• _EXERCISE OBJECTIVE_:
Although the entries contain pictures, only their words should be duplicated exactly.

• _INPUT FOR THIS TASK_:
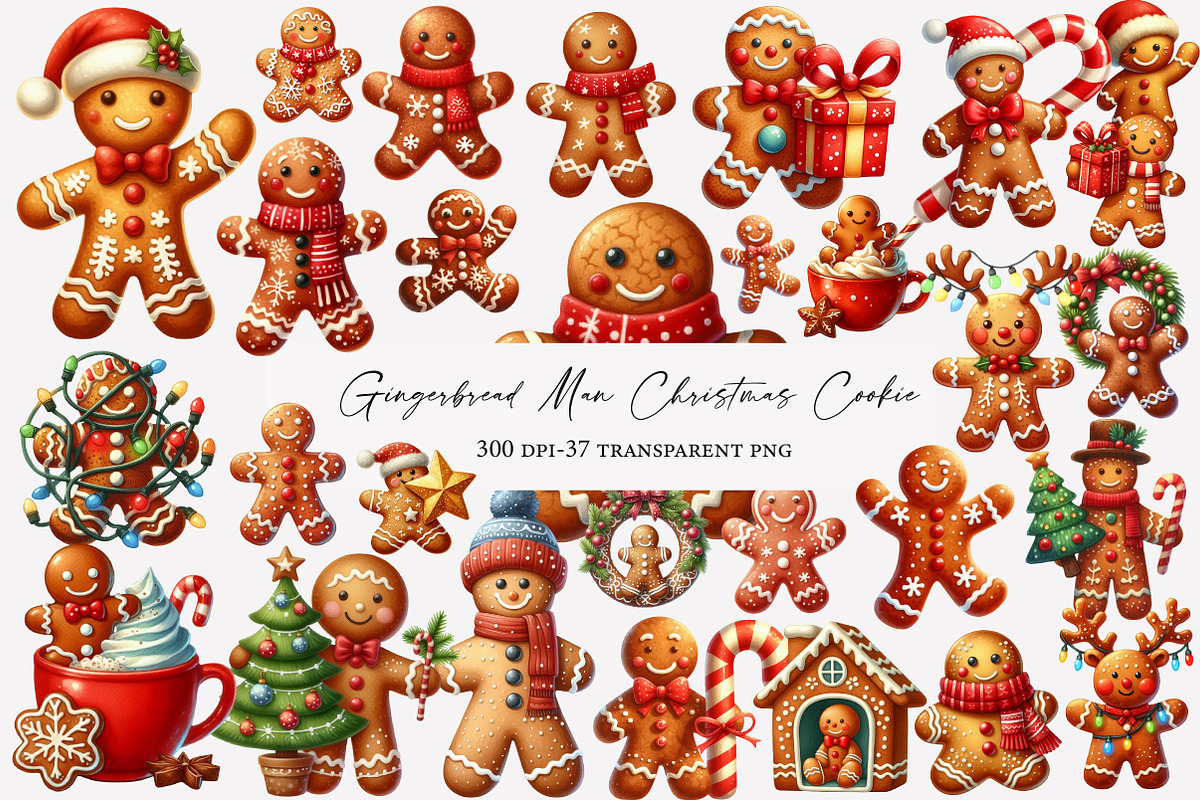 Gingerbread Man Christmas Cookie, an Illustration by Designworld (Photo 1 of 5)
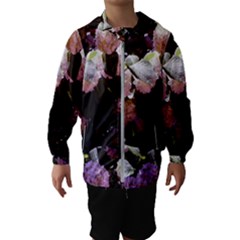 Purple Snowballs Kids  Hooded Windbreaker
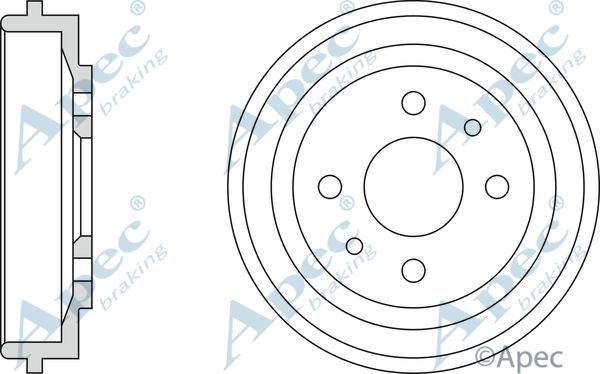 APEC BRAKING stabdžių būgnas DRM9119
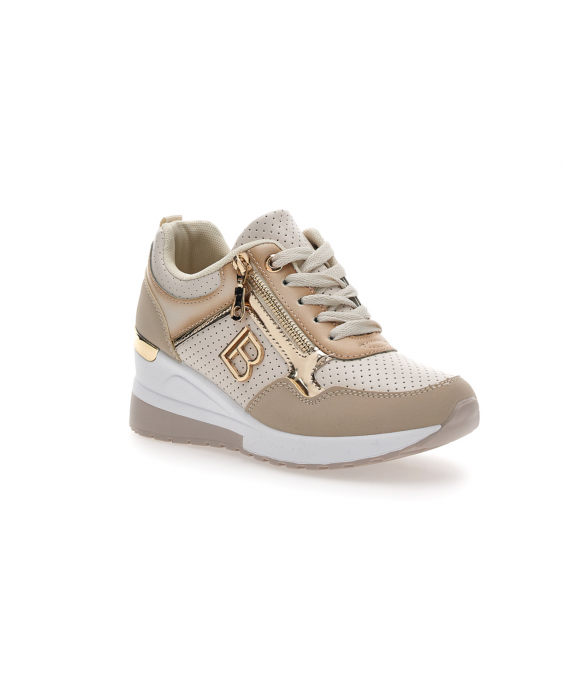 LAURA BIAGIOTTI Sneakers con zeppa Donna Beige 8416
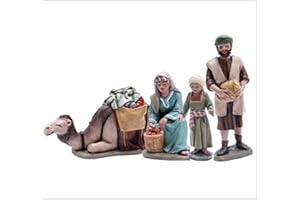 Triciclo Editores Figuras del Belén, Familia de Mercaderes (Familia de Mercaderes)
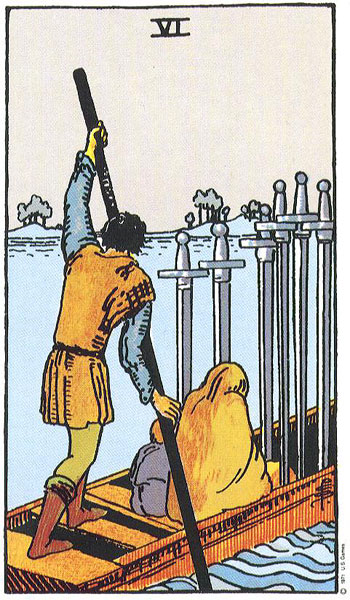 Six of Swords tarot card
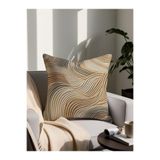 LadiesHome Punch Nakış Desenli Dijital Baskılı Dekoratif Yastık – 43x43 Cm Mikro Petek Kumaş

• _TASK SOLUTION_:
 Gingerbread Man Christmas Cookie, an Illustration by Designworld (Photo 1 of 5)
 Purple Snowballs Kids  Hooded Windbreaker
 APEC BRAKING stabdžių būgnas DRM9119
 LAURA BIAGIOTTI Sneakers con zeppa Donna Beige 8416
 Triciclo Editores Figuras del Belén, Familia de Mercaderes (Familia de Mercaderes)
 Six of Swords tarot card
 LadiesHome Punch Nakış Desenli Dijital Baskılı Dekoratif Yastık – 43x43 Cm Mikro Petek Kumaş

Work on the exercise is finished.